Ele, de fato, esteve à beira da morte. Agradece à toda a equipe do Sírio Libanês de Brasília, onde trabalha, pela atenção que recebeu. Alguns dos que cuidaram de seu caso foram a cardiologista Ludhmila Hajjar e o Matheus Mourão, intensivista e cardiologista.
— Durante a intubação fiquei muito grave, quase morri. Quando me contaram fiquei chocado, nunca imaginei isso — assegura Carlos.
Foram oito dias em coma, até acordar e ver a enxurrada de mensagens em seu celular. Quando teve forças novamente, começou a responder, acarinhado por tantas demonstrações de afeto.

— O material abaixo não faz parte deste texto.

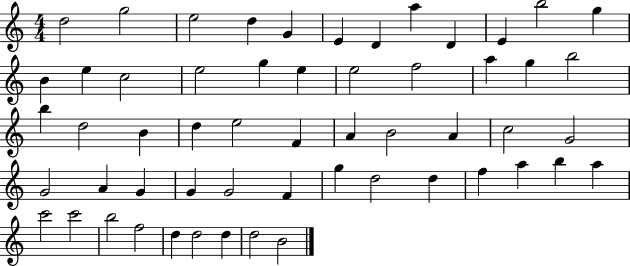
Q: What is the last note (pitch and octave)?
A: B4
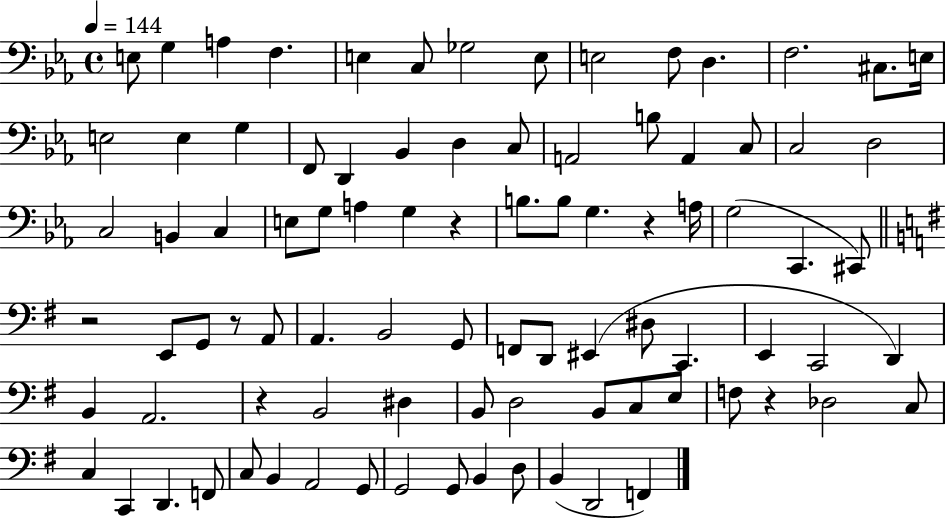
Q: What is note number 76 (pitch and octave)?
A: G2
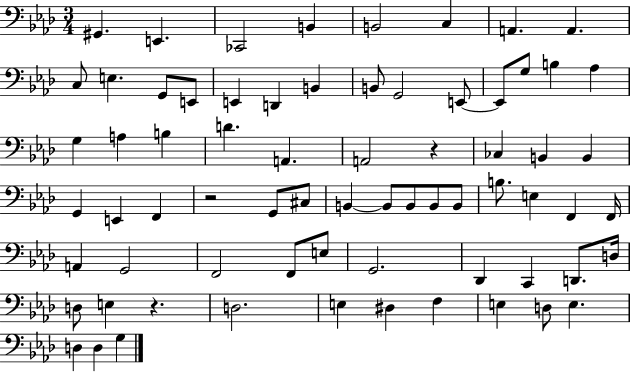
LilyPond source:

{
  \clef bass
  \numericTimeSignature
  \time 3/4
  \key aes \major
  gis,4. e,4. | ces,2 b,4 | b,2 c4 | a,4. a,4. | \break c8 e4. g,8 e,8 | e,4 d,4 b,4 | b,8 g,2 e,8~~ | e,8 g8 b4 aes4 | \break g4 a4 b4 | d'4. a,4. | a,2 r4 | ces4 b,4 b,4 | \break g,4 e,4 f,4 | r2 g,8 cis8 | b,4~~ b,8 b,8 b,8 b,8 | b8. e4 f,4 f,16 | \break a,4 g,2 | f,2 f,8 e8 | g,2. | des,4 c,4 d,8. d16 | \break d8 e4 r4. | d2. | e4 dis4 f4 | e4 d8 e4. | \break d4 d4 g4 | \bar "|."
}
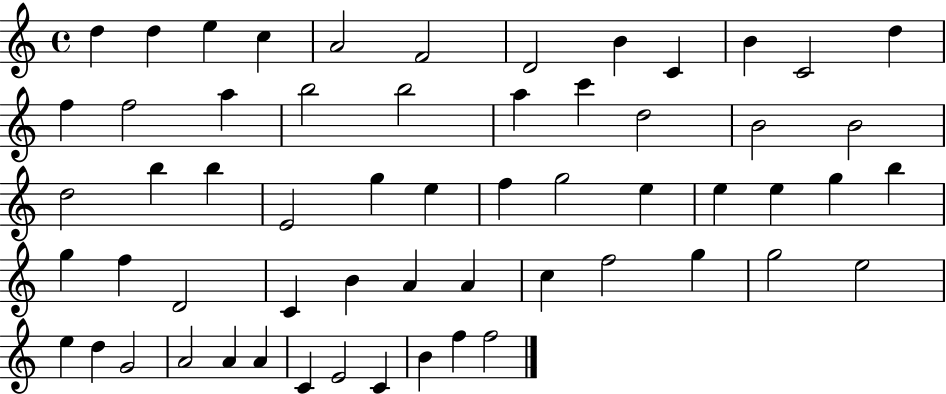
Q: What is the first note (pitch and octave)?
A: D5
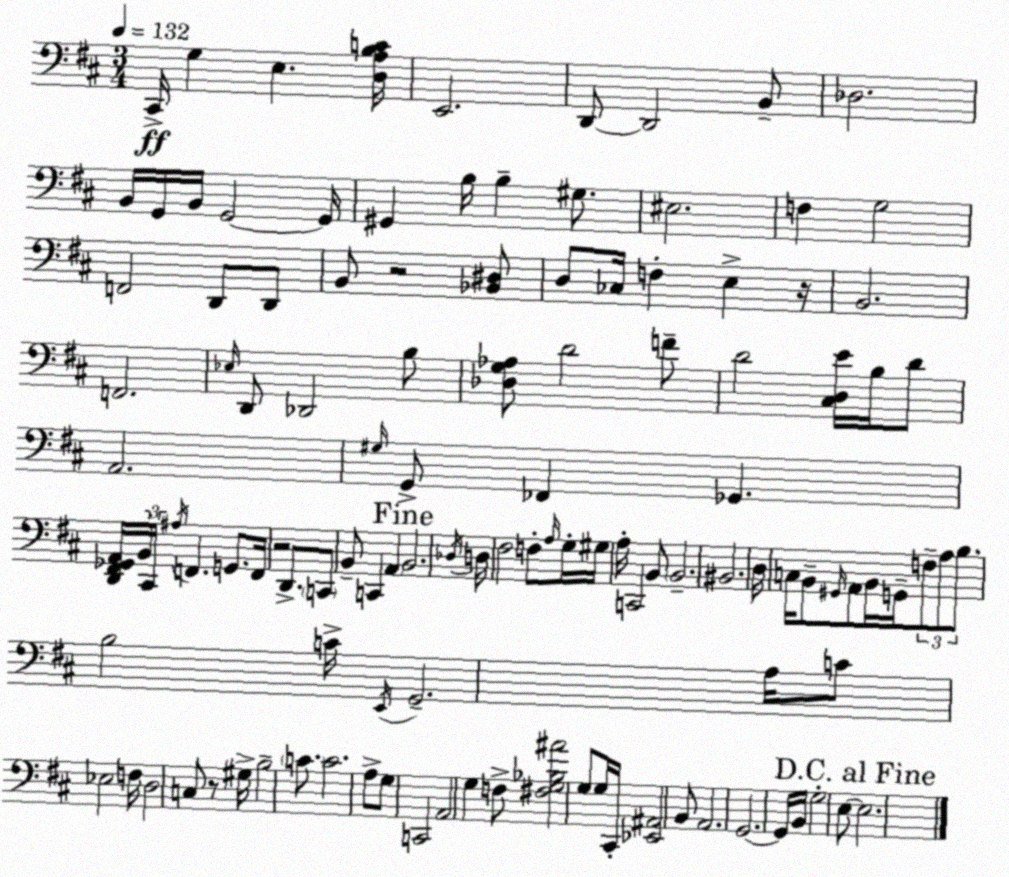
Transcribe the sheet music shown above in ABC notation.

X:1
T:Untitled
M:3/4
L:1/4
K:D
^C,,/4 G, E, [D,A,B,C]/4 E,,2 D,,/2 D,,2 B,,/2 _D,2 B,,/4 G,,/4 B,,/4 G,,2 G,,/4 ^G,, B,/4 B, ^G,/2 ^E,2 F, G,2 F,,2 D,,/2 D,,/2 B,,/2 z2 [_B,,^D,]/2 D,/2 _C,/4 F, E, z/4 B,,2 F,,2 _E,/4 D,,/2 _D,,2 B,/2 [_D,G,_A,]/2 D2 F/2 D2 [^C,D,E]/4 B,/4 D/2 A,,2 ^G,/4 G,,/2 _F,, _G,, [D,,^F,,_G,,A,,]/4 B,,/4 ^C,,/4 ^A,/4 F,, G,,/2 F,,/4 z2 D,,/2 C,,/2 B,,/2 C,, A,, B,,2 _D,/4 D,/4 ^F,2 F,/2 A,/4 G,/4 ^G,/4 A,/4 C,,2 B,,/2 B,,2 ^B,,2 D,/4 C,/4 B,,/2 ^G,,/4 A,,/2 B,,/4 G,,/4 F,/2 A,/2 B,/2 B,2 C/4 E,,/4 G,,2 A,/4 C/2 _E,2 F,/4 D,2 C,/2 z/2 ^G,/4 B,2 C/2 C2 A,/2 G,/2 C,,2 A,,2 G, F,/2 [^F,G,_B,^A]2 G,/2 G,/4 ^C,,/4 [_E,,^A,,]2 B,,/2 A,,2 G,,2 G,,/4 B,,/4 G,2 E,/2 E,2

‘A pressão dele ainda não está estabilizada, a parte emocional fica muito afetada. Ele está bem, mas não é fácil’
Tânia e Jorge estão juntos desde que ela tinha 11 anos e ele, 13 Foto: Arquivo pessoal
— A pressão dele ainda não está estabilizada, a parte emocional fica muito afetada. As pernas inchadas, enfim, ele está bem, mas não é fácil — comentou Tânia.
O casal mora em Anchieta, zona norte do Rio. Durante a internação de Jorge, um dos filhos acolheu Tânia.
— Quando se aproximavam os 30 anos (de casamento), senti a necessidade de falar com ele, dizer que nossos filhos estavam cuidando bem de mim. Os psicólogos sugeriram e foi muito bom mandar o áudio — disse Tânia, ainda comovida pela experiência que viveram.
Eles costumam comemorar todos os aniversários de casamento, e os 30 anos serão, definitivamente, inesquecíveis. Jorge não lembra nada sobre o áudio, mas Tânia tem certeza que ele ouviu. E ficou muito feliz.